Material to process Start Marker

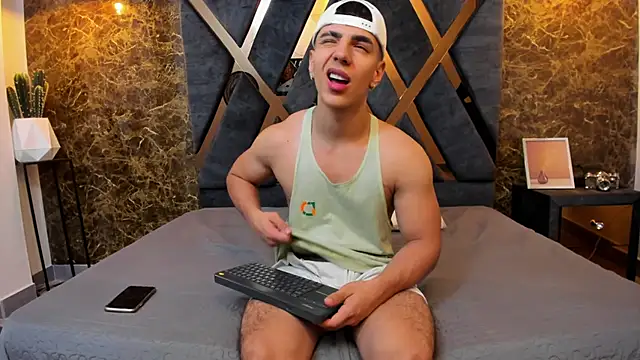 Flynn Riider online show from January 29, 2025, 11:41 am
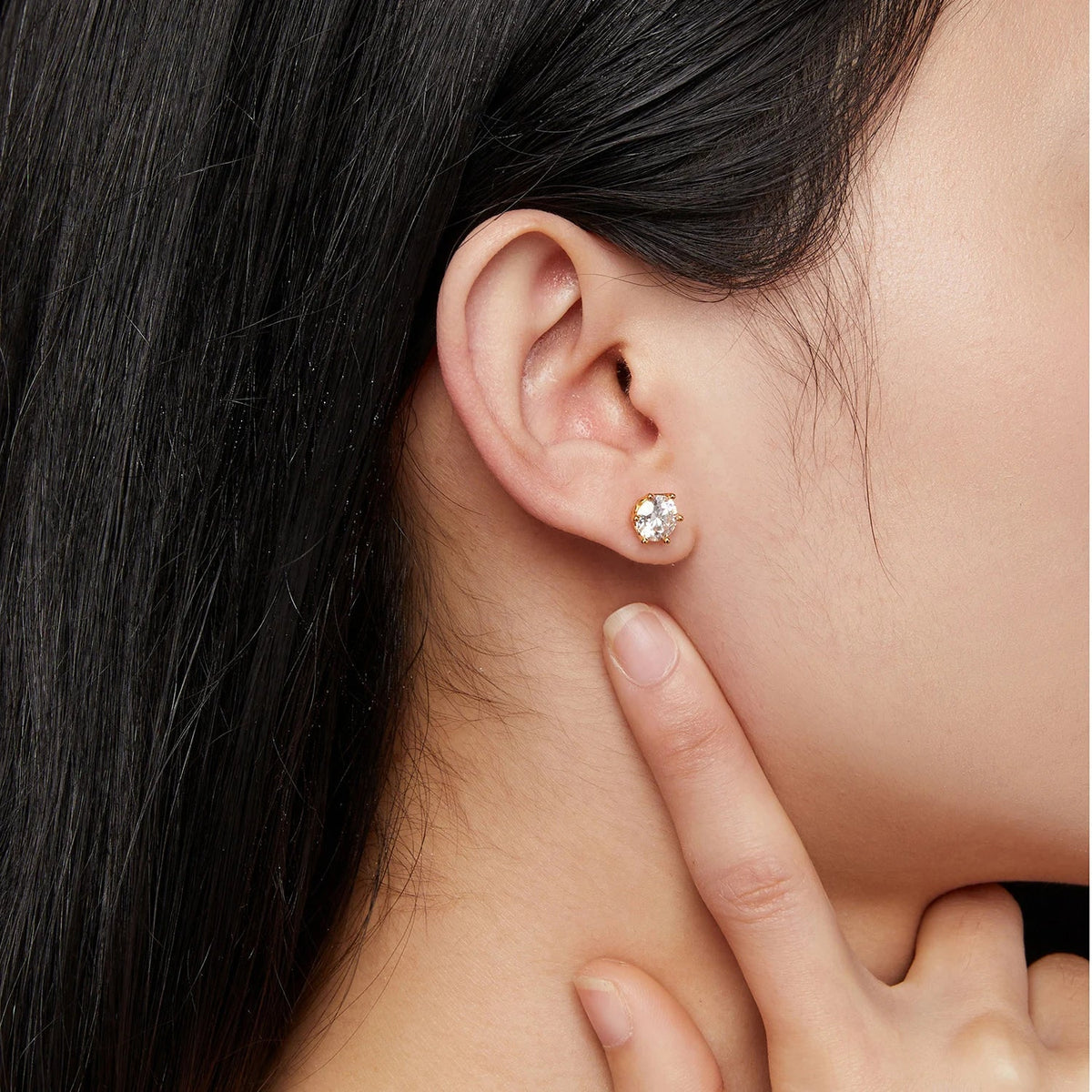 Round Moissanite Screw-Back Stud Earrings in Silver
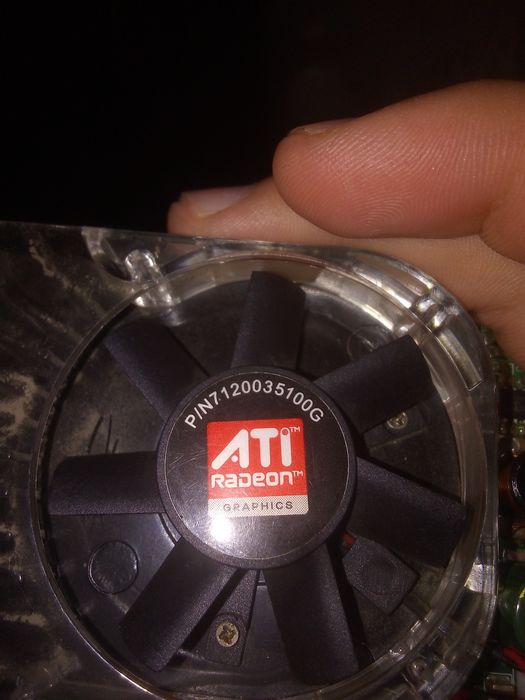 Karta graficzna radeon ATI graphiks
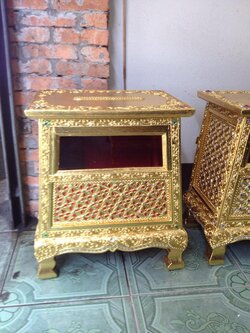 ตู้บริจาคลงรักปิดทอง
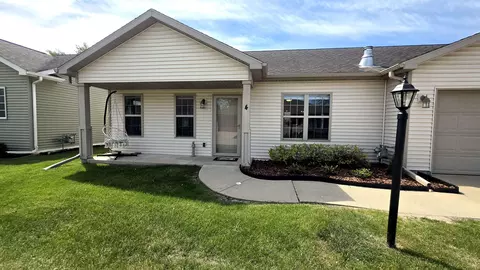 407 East Ave #4, Belleville, WI 53508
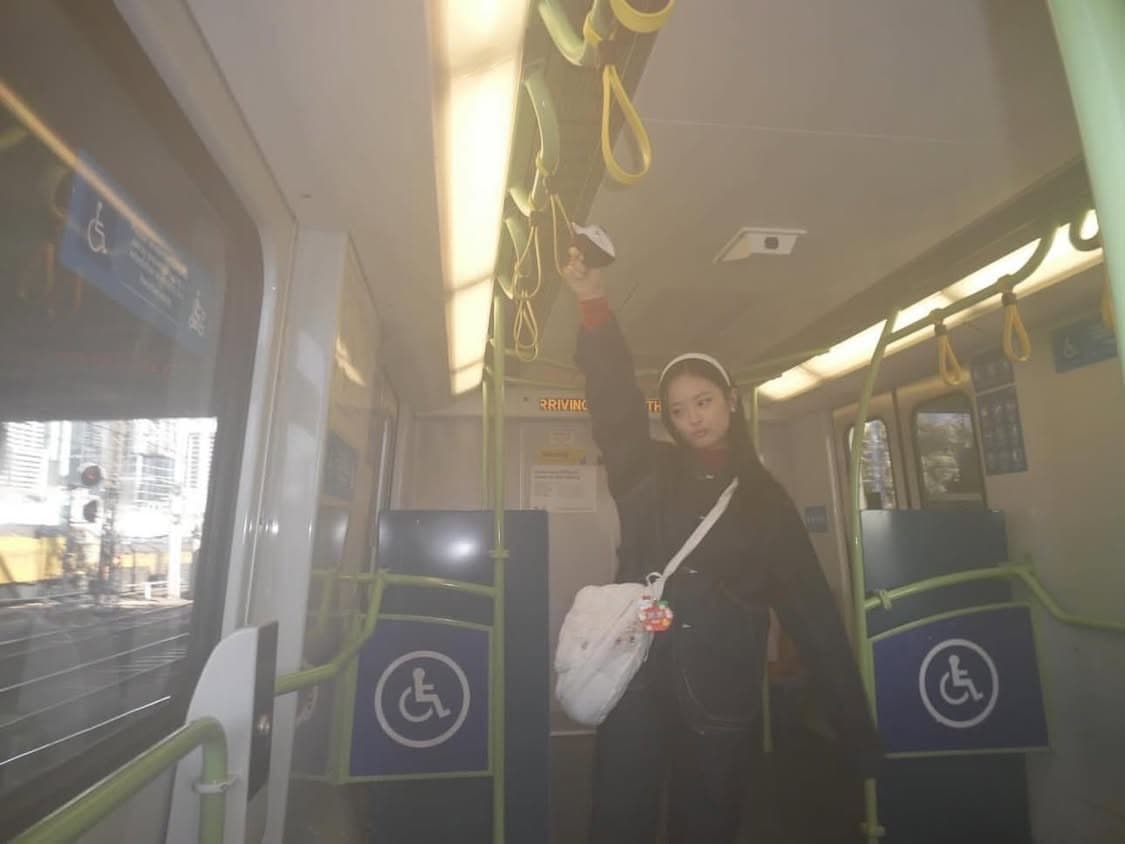 [하니 착용] QUILTED CROSS BAG IVORY 상품이미지1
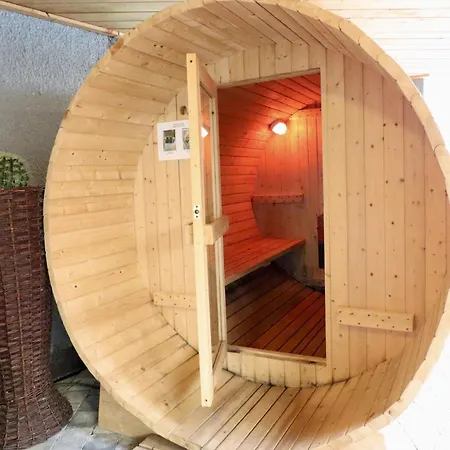 Halinsart Holiday home *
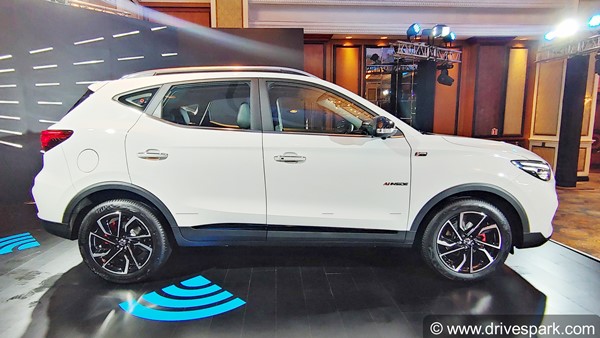 MG Astor की बुकिंग कल से होगी शुरू, उससे पहले जान लीजिये इसकी सभी जानकारी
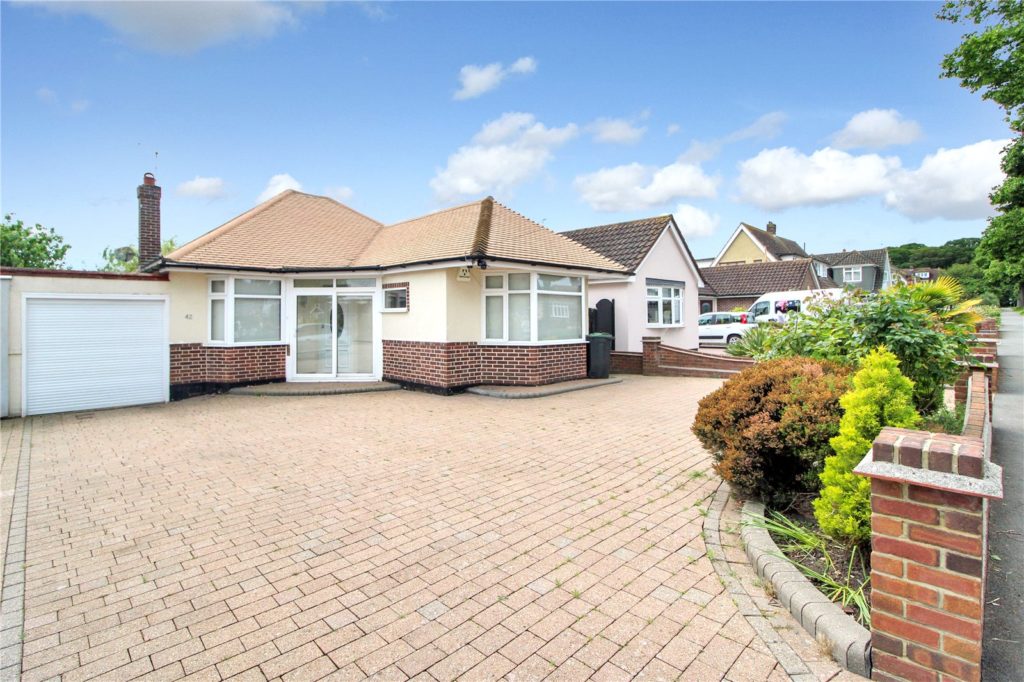 Belfairs Park Drive, Leigh-on-Sea, Essex, SS9 4TP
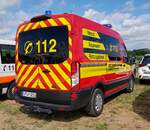 =Ford Transit als MTW der Feuerwehr LIPPSTADT steht im Mai 2022 auf dem Parkgelände der RettMobil
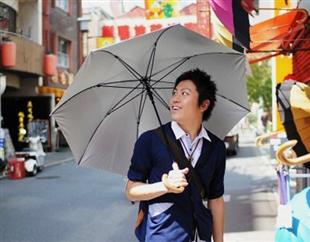 日本高温天催生大批“阳伞男”要爽不要“脸”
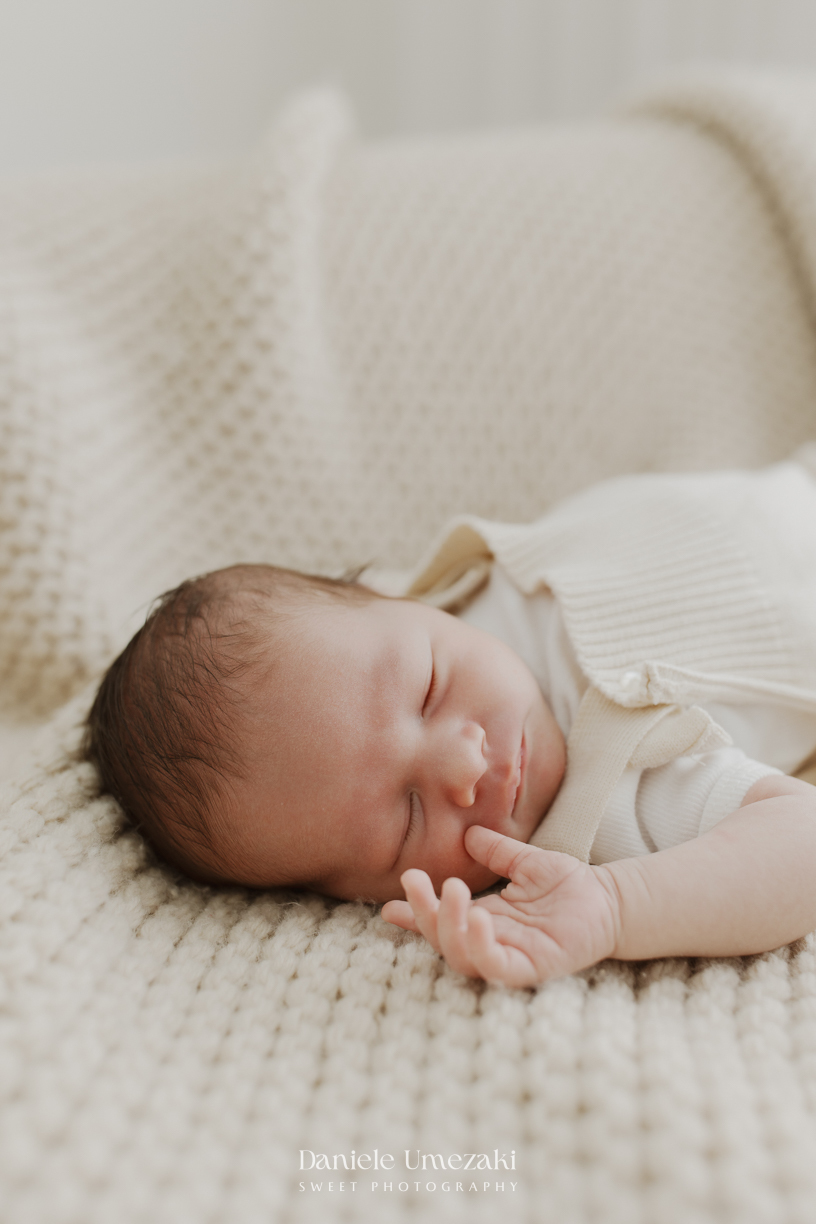 Ensaio newborn em Mogi das Cruzes realizado no estúdio da Dani Umezaki. O Pedro foi fotografado em um ensaio newborn natural, leve e atemporal, preservando com delicadeza os primeiros dias de vida e o amor que envolve essa fase única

Material to process End Marker

In the copy, include all records verbatim but no images.

■ **Final answer**:
 Flynn Riider online show from January 29, 2025, 11:41 am
 Round Moissanite Screw-Back Stud Earrings in Silver
 Karta graficzna radeon ATI graphiks
 ตู้บริจาคลงรักปิดทอง
 407 East Ave #4, Belleville, WI 53508
 [하니 착용] QUILTED CROSS BAG IVORY 상품이미지1
 Halinsart Holiday home *
 MG Astor की बुकिंग कल से होगी शुरू, उससे पहले जान लीजिये इसकी सभी जानकारी
 Belfairs Park Drive, Leigh-on-Sea, Essex, SS9 4TP
 =Ford Transit als MTW der Feuerwehr LIPPSTADT steht im Mai 2022 auf dem Parkgelände der RettMobil
 日本高温天催生大批“阳伞男”要爽不要“脸”
 Ensaio newborn em Mogi das Cruzes realizado no estúdio da Dani Umezaki. O Pedro foi fotografado em um ensaio newborn natural, leve e atemporal, preservando com delicadeza os primeiros dias de vida e o amor que envolve essa fase única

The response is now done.